## WHAT IS EXPECTED:
From the entries below, please output exactly the lines starting at the one containing "Image 18 of 31 For 2624 12th Street N 2" and ending at the one containing "Mercedes SLS AMG spotted in Baku, Azerbaijan", both included.

(Short descriptive text snippets)

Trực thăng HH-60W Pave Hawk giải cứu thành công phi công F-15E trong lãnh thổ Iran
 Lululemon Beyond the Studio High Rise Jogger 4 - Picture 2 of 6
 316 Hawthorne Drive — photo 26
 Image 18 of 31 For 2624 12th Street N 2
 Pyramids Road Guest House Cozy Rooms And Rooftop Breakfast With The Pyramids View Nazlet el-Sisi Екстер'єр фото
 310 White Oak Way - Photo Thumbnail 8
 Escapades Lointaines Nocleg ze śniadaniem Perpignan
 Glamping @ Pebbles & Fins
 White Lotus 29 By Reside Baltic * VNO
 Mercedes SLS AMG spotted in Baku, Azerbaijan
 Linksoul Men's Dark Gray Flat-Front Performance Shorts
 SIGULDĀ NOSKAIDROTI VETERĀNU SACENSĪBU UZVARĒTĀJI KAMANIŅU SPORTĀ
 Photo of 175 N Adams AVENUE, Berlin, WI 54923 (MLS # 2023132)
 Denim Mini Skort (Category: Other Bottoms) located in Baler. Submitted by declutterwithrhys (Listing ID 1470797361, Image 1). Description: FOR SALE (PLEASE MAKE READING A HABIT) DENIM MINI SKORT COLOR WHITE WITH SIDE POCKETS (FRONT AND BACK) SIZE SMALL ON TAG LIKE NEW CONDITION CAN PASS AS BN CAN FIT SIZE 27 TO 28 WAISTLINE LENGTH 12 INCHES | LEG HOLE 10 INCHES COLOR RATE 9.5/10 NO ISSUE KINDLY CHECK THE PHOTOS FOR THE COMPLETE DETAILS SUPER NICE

## RESPONSE TO THIS EXERCISE:
 Image 18 of 31 For 2624 12th Street N 2
 Pyramids Road Guest House Cozy Rooms And Rooftop Breakfast With The Pyramids View Nazlet el-Sisi Екстер'єр фото
 310 White Oak Way - Photo Thumbnail 8
 Escapades Lointaines Nocleg ze śniadaniem Perpignan
 Glamping @ Pebbles & Fins
 White Lotus 29 By Reside Baltic * VNO
 Mercedes SLS AMG spotted in Baku, Azerbaijan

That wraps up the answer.